So today, a new group with a different friend of Las Piedras, now known as the "yoga people", will arrive at site. We’ve been told by one of the guys that’s helping organise their stay that we basically have to disappear. They are coming for a tranquil zen stay, so having a bunch of unsocialised scientists isn't cool. We’ve been moved to a small campsite (that the workers built just this week) not too far from the lodge. We had to be packed and out of our rooms by mid morning so that there was plenty of time to sort the place out before their arrival. We were told “You guys can’t be here when they arrive”. So basically, fuck off and be invisible. I told him that my invisibility coat was still in the post, but I'll do my best. It hasn’t been so helpful that we’ve been given wrong/differing information from different people - again, the difficulties with communications in the jungle showing it's face again. We were packed to leave yesterday, then told we could have an extra night in the room as they weren’t arriving til mid morning. We didn't complain, as this was great - we had one last sleep in a room, but a little annoying as everything was now already packed, it was just prolonging the situation. We all enjoyed the last of the freedom we had around the lodge; making the most of tables, a roof, easy access to toilet/showers, the kitchen for tea, and a socialising area with comfy seats/hammocks that we all become so familiar with.
|The new campsite, "Platforms" pic by Marcus Rhodes|
|Inside the campsite, pic my Marcus Rhodes|
To get away from the hustle, bustle and stress from the whole thing, me, Zoe, Tom and Harry went with one of the workers, Melo, to deliver a message for someone at Arcc. Arcc is another field site, which is about a three and a half hour boat ride up river. A few tourists made the journey a few days ago and were lucky enough to see a Jaguar on a beach on the river bank, so we were keen to go check it out and see if luck was on our side....
|Looking fabulous in the Amazon|
|Fresh brazil nut|
|Digging in to the delicious brazil nut|
|Julia butterfly that drinks salt from sweat, also decided to poo on me. Lovely.|
|Tom the Explorer|
We fell at the first hurdle; the boat we were travelling in had a motor that sounded like a fucking chainsaw (a different boat to the one that the other tourists used the other day). It was SO loud, so unless there was a deaf big cat out there that had no idea we were coming, we weren’t likely to see one. And we didn’t. We did however see some tracks, which were most likely a big cat. We couldn’t see the tracks well enough so couldn’t make out what kind of mammal it was but it looked like it could have been a puma/jaguar track – and they were so fresh, seems like this cat was unfortunately, not deaf. What we did see what some turtles, lots of birds and a Caiman though!
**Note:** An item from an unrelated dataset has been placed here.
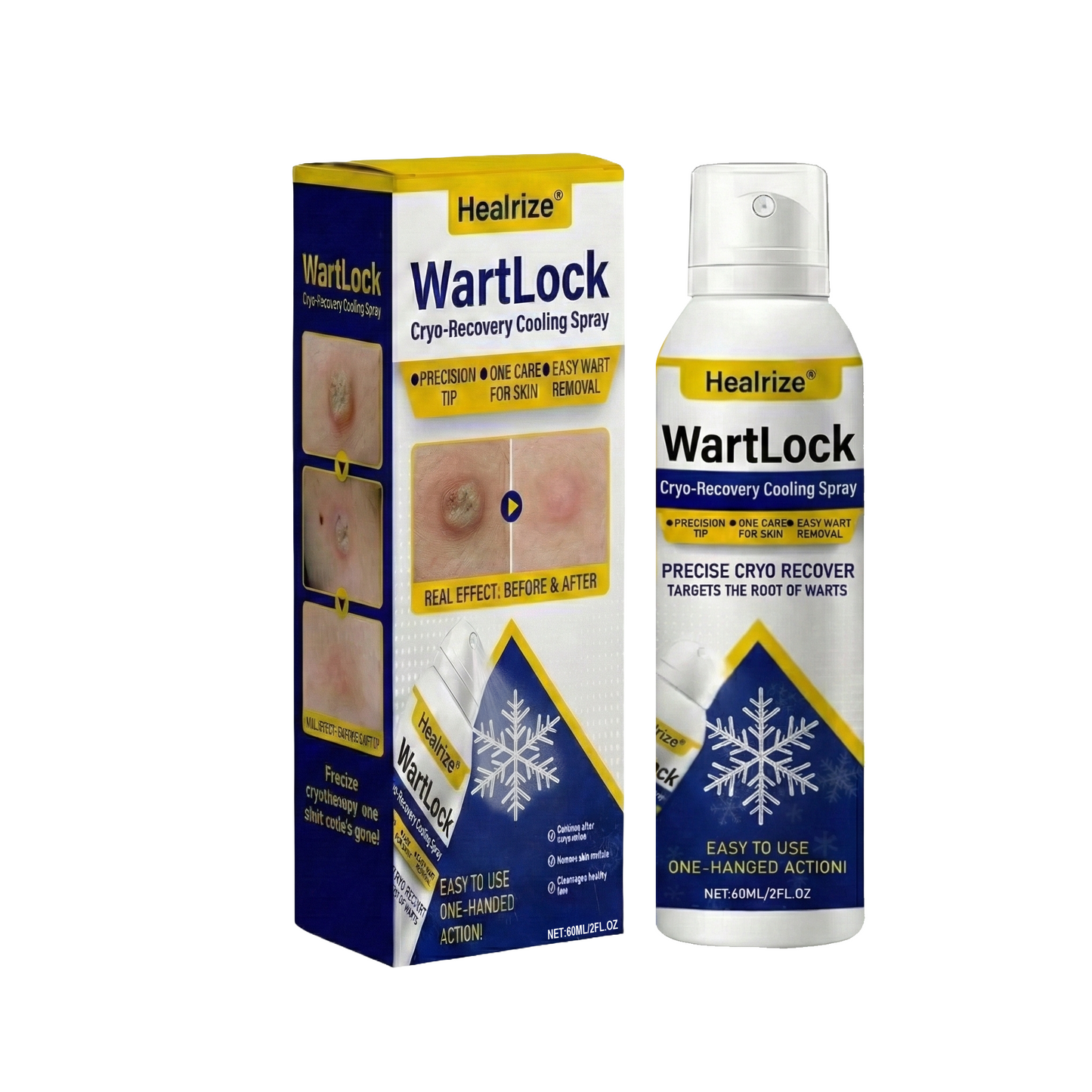 🏅𝙏𝙂𝘼 𝘼𝙥𝙥𝙧𝙤𝙫𝙚𝙙 | Healrize® WartLock Cryo-Recovery Cooling Spray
|An Amazonian beauty - butterflies drinking turtles tears|
Once we got to arc, our butts hurt and the sun had gotten to us – today was particularly hot and being on a boat with no cover didn’t help. We were told we had half an hour to chill at Arcc and then we were off again. We had just enough time to see the lake at Arc and the accommodation there, which was fancy!
|Lake at Arcc|
We made it back to the port at 3pm, but Melo, who was driving, didn’t actually come back ‘til 4pm. Not knowing where he was meant we hung around near the boat waiting for him, where there were hungry sand flies and mosquitoes, so we all got bitten to shit. Sandflies are quickly becoming my #2 enemy after Mozzies. But, in return, we were travelling back through dusk, and it was so beautiful. It felt like the stress and frustration that’s been consuming us the last couple of days just disappeared along with the sunset. I’ve never seen so many colours in one sunset, purples, pinks, blues, yellows, oranges, and red. It was incredible. The sheer beauty of the rainforest never ceases to amaze me, it just reinforces the idea that we need to protect and preserve this incredible place.
When we got back it was dark, and we still had to put sheets on our beds and hang up our mosquito nets at the new campsite. This was harder than it felt it should be, but in the middle of the dark jungle, bugs everywhere, flying into your face thanks to the head light, ants and other bugs all over the bed, and trying to hang nets on sticks that were definitely not designed around mosquito nets - it was a challenge, I'll give ya that. It turns out that the yoga group didn't actually arrive in the morning, but they passed our campsite at around 8pm "glad we're not staying there", we giggled as we overheard one of them. "This'll be a fun few days" said a scientist!
It'll be interesting to see how we all sleep tonight... Let's hope no bullet ants fit through the gaps of the bed. Eeek.